According to the exemplary embodiment of the present invention, the guide ring includes: an upper ring; a lower ring facing the upper ring in an up and down direction; and an intermediate ring disposed between the upper ring and the lower ring, and the upper ring, the intermediate ring, and the lower ring are fixed to each other by a fixing rod, and the fixing rod is coupled to the guide ring support, and when the guide ring unit is located in the process position, a height of the intermediate ring corresponds to a height of the substrate supported by the support unit.
According to the exemplary embodiment of the present invention, a first elastic member may be installed under the guide ring support, and the first elastic member applies elastic force to the guide ring support so as to make the guide ring support face upwardly.
According to the exemplary embodiment of the present invention, it is possible to prevent excessive increase in stress applied to a chuck pin.
Further, according to the exemplary embodiment of the present invention, it is possible to prevent a substrate from being bent or damaged.
Further, according to the exemplary embodiment of the present invention, it is possible to efficiently recover a treatment liquid scattered from a rotating substrate.
Further, according to the exemplary embodiment of the present invention, it is possible to eliminate interference between a transfer robot entering to load or unload a substrate and a guide ring unit that recovers a treatment liquid scattered from a substrate at a location adjacent to the substrate.
Further, according to the exemplary embodiment of the present invention, it is possible to drive a guide ring unit along with a movement of a chuck pin.
Further, according to the exemplary embodiment of the present invention, it is possible to transfer a substrate without adjusting a height of a spin chuck in a substrate processing apparatus that provides a guide ring and a back nozzle.
The effect of the present invention is not limited to the foregoing effects, and the not-mentioned effects will be clearly understood by those skilled in the art from the present specification and the accompanying drawings.

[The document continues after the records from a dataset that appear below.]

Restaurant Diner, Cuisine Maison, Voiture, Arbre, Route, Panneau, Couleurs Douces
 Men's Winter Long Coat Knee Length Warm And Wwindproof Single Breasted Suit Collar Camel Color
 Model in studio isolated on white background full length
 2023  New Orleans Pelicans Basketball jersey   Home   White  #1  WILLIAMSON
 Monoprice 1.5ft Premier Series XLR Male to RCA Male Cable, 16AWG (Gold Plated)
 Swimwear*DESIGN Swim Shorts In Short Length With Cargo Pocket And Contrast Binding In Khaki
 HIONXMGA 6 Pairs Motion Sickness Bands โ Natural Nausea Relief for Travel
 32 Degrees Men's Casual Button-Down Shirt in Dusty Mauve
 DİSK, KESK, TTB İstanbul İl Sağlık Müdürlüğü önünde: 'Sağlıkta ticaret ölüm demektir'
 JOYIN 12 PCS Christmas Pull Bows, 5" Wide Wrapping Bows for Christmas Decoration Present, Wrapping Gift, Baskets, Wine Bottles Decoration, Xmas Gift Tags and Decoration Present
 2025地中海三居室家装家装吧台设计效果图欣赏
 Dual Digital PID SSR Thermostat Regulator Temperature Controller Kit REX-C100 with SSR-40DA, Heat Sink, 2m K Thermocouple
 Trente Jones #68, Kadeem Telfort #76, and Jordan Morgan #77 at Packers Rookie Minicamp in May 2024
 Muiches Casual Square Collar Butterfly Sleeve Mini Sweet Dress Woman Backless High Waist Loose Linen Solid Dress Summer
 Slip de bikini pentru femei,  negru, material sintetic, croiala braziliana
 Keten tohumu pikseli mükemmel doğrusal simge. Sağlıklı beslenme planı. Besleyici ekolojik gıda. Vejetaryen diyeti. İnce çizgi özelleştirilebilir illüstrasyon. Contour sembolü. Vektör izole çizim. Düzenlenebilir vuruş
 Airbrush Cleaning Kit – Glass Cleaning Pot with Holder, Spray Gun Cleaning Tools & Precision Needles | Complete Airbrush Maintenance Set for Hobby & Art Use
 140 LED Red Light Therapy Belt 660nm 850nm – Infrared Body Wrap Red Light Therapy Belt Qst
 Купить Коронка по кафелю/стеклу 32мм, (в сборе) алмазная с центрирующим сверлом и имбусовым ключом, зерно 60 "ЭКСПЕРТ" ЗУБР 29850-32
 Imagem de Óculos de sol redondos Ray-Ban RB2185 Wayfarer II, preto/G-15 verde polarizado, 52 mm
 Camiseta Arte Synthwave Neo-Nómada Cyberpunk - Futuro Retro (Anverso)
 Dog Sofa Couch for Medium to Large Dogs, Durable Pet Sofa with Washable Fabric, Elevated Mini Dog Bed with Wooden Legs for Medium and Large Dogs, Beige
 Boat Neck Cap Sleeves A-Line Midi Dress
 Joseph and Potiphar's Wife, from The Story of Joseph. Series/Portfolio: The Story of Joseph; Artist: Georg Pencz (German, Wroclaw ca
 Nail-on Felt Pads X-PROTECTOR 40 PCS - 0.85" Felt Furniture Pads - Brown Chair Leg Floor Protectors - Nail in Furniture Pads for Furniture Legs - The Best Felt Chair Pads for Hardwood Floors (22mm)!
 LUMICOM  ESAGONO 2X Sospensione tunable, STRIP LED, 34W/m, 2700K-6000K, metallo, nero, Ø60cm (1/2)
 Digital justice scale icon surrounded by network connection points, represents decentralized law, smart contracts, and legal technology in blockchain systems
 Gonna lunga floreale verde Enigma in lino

Various features and advantages of the non-limiting exemplary embodiments of the present specification may become apparent upon review of the detailed description in conjunction with the accompanying drawings. The attached drawings are provided for illustrative purposes only and should not be construed to limit the scope of the claims. The accompanying drawings are not considered to be drawn to scale unless explicitly stated. Various dimensions in the drawing may be exaggerated for clarity.
Example embodiments will now be described more fully with reference to the accompanying drawings. Example embodiments are provided so that this disclosure will be thorough and will fully convey the scope to those who are skilled in the art. Numerous specific details are set forth such as examples of specific components, devices, and methods, to provide a thorough understanding of embodiments of the present disclosure. It will be apparent to those skilled in the art that specific details need not be employed, that example embodiments may be embodied in many different forms and that neither should be construed to limit the scope of the disclosure. In some example embodiments, well-known processes, well-known device structures, and well-known technologies are not described in detail.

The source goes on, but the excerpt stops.